Bitonic Sort is an efficient parallel sorting algorithm that requires the input size to be a power of 2. It is based on the concept of bitonic sequences, which are sequences that first monotonically increase and then monotonically decrease or vice versa. The algorithm recursively builds a bitonic sequence, and then repeatedly merges bitonic sequences to achieve sorting.
The project contains the following implementations:
-
CPU Merge Sort: This is a traditional CPU-based implementation of the Merge Sort algorithm using a recursive approach.
-
GPU Merge Sort: The GPU version of Merge Sort that uses CUDA to achieve parallelism. It utilizes CUDA kernels to perform sorting operations on the GPU.
-
CPU Bitonic Sort: A CPU-based implementation of the Bitonic Sort algorithm. It requires the input size to be a power of 2.
-
GPU Bitonic Sort: The GPU version of Bitonic Sort that takes advantage of CUDA parallelism. Like the GPU Merge Sort, it uses CUDA kernels for sorting on the GPU.

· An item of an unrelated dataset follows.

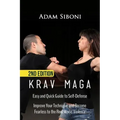 Krav Maga: Easy and Quick Guide to Self-Defense, Improve Your Technique and Become Fearless to the Real World Violence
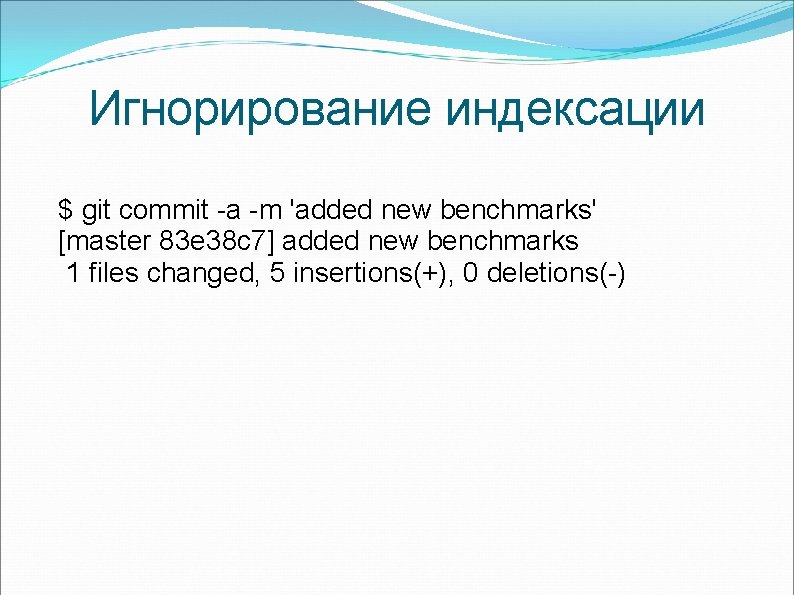Игнорирование индексации $ git commit -a -m 'added new benchmarks' [master 83 e 38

The performance comparison section presents benchmark results of the CPU and GPU implementations for both Merge Sort and Bitonic Sort. It measures the execution time for each approach and demonstrates the potential speedup gained by using CUDA on compatible GPUs.
To run this project, you need the following:
- A compatible NVIDIA GPU with CUDA support.
- NVIDIA CUDA Toolkit installed on your system.
- C++ compiler with CUDA support (e.g., NVCC).
- Clone or download the project repository to your local machine.
- Ensure you have met the requirements mentioned in the previous section.
- Compile the source files using the appropriate C++ compiler with CUDA support.
- Run the compiled executable to sort arrays using either Merge Sort or Bitonic Sort.
- The program will provide sorted arrays and performance timings for both CPU and GPU implementations.
Contributions to this project are welcome. If you find any issues or have improvements to suggest, feel free to open an issue or create a pull request.
This project is licensed under the MIT License. You are free to use, modify, and distribute the code as per the terms of the license.
Testing the inputs and Merge Sort with a Small Array Testing Bitonic Sort with a Small Array Merge Sort CPU vs GPU performance for a large Array Bitonic Sort CPU vs GPU performance for a large Array.
Clearly Bitonic Sort performs well in a Parallel Computation while Merge Sort performs well in a linear computation.